UE: le nuove stime sulla ripresa economica, quali sono?

Come detto, quest’oggi il Commissario UE per l’economia, ha presentato la nuove previsioni economiche per i Paesi dell’Unione europea, portando finalmente un barlume di speranza per il futuro. Dato che, le stime macroeconomiche invernali, appaiono certamente migliori rispetto alle previsioni economiche d’autunno.

Infatti, Paolo Gentiloni, ha dichiarato: “Visto che la recessione nel 2020 non è stata profonda come previsto, e grazie all’arrivo dei vaccini, ci si attende che l’UE raggiunga i livelli di crescita pre-pandemia, che aveva nel quarto trimestre del 2019, già nel secondo trimestre del 2022. Dunque, prima di quanto previsto lo scorso autunno. Tuttavia, un Paese su quattro, avrà bisogno di più tempo. E inoltre, nessuno Stato membro tornerà nel 2022 alle proiezioni di crescita che aveva prima della crisi“.

Quindi, grazie ad una recessione meno forte rispetto alle previsioni (-6,3% anziché -7,4% per quanto riguarda l’intera Unione europea), secondo Gentiloni si vede finalmente “una luce in fondo al tunnel“. Ma avverte: “Siamo ancora in una situazione di incertezza e per la ripresa bisognerà attendere la seconda metà dell’anno“. Infatti, dopo la forte crescita nel terzo trimestre del 2020, la seconda ondata della pandemia ha inciso negativamente sul primo trimestre 2021. Ma grazie alla campagna vaccinale, la crescita economica dovrebbe riprendere in primavera, con un definitivo slancio in estate.

Le previsioni sul PIL

Inoltre, il Commissario ha aggiunto: “L’economia dell’UE dovrebbe tornare ai livelli di PIL pre-pandemici prima del previsto, e cioè nel 2022. Anche se, la produzione persa nel 2020 non verrà recuperata così rapidamente né allo stesso ritmo in tutta l’Unione europea“. Dunque, Paolo Gentiloni, ha sottolineato come la ripresa economica non sarà omogenea tra i vari Stati membri, i quali correranno a diverse velocità. E in effetti, se guardiamo alle previsioni invernali sul PIL, prendendo in considerazione alcuni Stati dell’UE, notiamo ad esempio che:

  • per la Spagna è previsto un +5,6% nel 2021 e un +5,3% nel 2022;
  • la previsione per la Francia è di un +5,5% nel 2021 e un +4,4% nel 2022;
  • per il Belgio si prevede un +3,9% nel 2021 e un +3,1% nel 2022;
  • invece per la Germania è previsto un +3,2% nel 2021 e un +3,1% nel 2022.
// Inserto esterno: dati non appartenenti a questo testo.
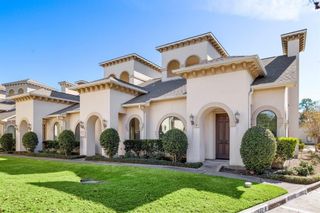 12832 Willow Centre Drive E and F, Houston, TX 77066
Quindi una crescita del PIL disomogenea tra i vari Stati membri. Se invece guardiamo al PIL dell’Area Euro, vediamo che si dovrebbe attestare al +3,8% sia nel 2021 sia nel 2022. Molto simile al PIL previsto per l’intera Unione europea: +3,7% nel 2021 e +3,9% nel 2022. Tuttavia, va sottolineato che, queste stime non hanno considerato l’effetto di rialzo dell’economia, che avranno “i fondi di Next Generation EU” grazie ai piani nazionali di ripresa che saranno presentati entro il 30 aprile da parte degli Stati dell’Unione europea.
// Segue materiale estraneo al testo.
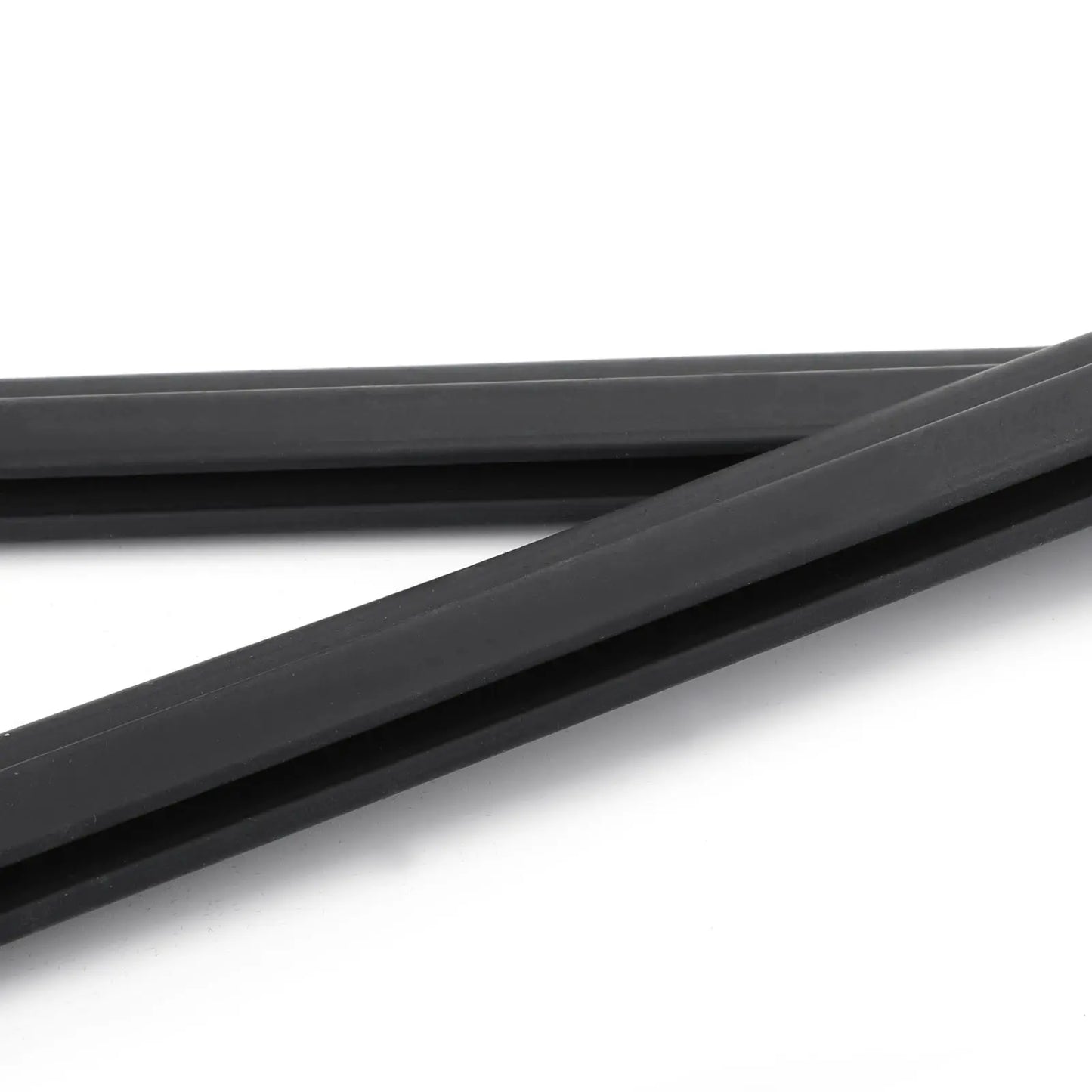 Weatherstrip 4 Door Rubber Seal for Toyota Hilux Tuck's Performance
Qual è la situazione dell’Italia?

Innanzitutto, va sottolineato che, le previsioni sul Prodotto Interno Lordo del nostro Paese, alla fine si sono rivelate più negative di quanto effettivamente riscontrato. Infatti, il PIL italiano nel 2020 è crollato meno del previsto (-8,8%) a fronte di una previsione del -9,9%. Invece, per quanto riguarda le stime per il prossimo futuro: per quest’anno si prevede una crescita del PIL del 3,4%. Crescita, molto simile a quella prevista per il 2022, che dovrebbe essere del +3,5%. Dunque, per l’Italia si prevede una crescita certamente più lenta rispetto ad alcuni Paesi, ma anche più veloce rispetto ad altri.
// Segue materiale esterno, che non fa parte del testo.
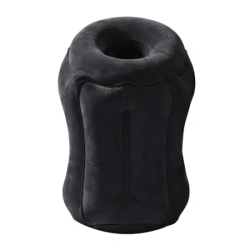 View product Hug Pillow Flextail EZY Hug Pillow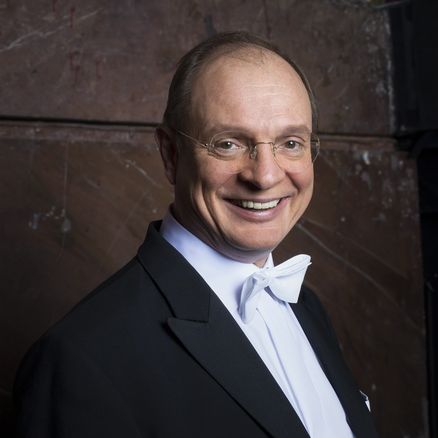 Haffner, Wien und Wolf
Inoltre, arriva un messaggio di speranza per l’Italia proprio dal Commissario dell’UE per l’economia, il quale sembra molto fiducioso sul futuro del nostro Paese. Infatti, Paolo Gentiloni, interrogato sul punto, in occasione della conferenza stampa, ha affermato: “Con il Recovery fund siamo di fronte ad una potenzialità di crescita molto importante per l’Italia. Quindi è molto importante che il governo che si formerà vada nella direzione giusta“. E su Mario Draghi ha detto: “Ho piena fiducia che l’esperienza, le idee e le capacità del Presidente del Consiglio incaricato, possano dare un contributo ad un governo efficiente ed europeista“.

Inoltre, soffermandosi ancora una volta sull’importanza del Recovery Fund, ha dichiarato: “Considerando uno stimolo di 6 anni, il livello del PIL 2021-2026 potrebbe essere più alto anche del 3,5% rispetto ad uno scenario senza Recovery Fund“.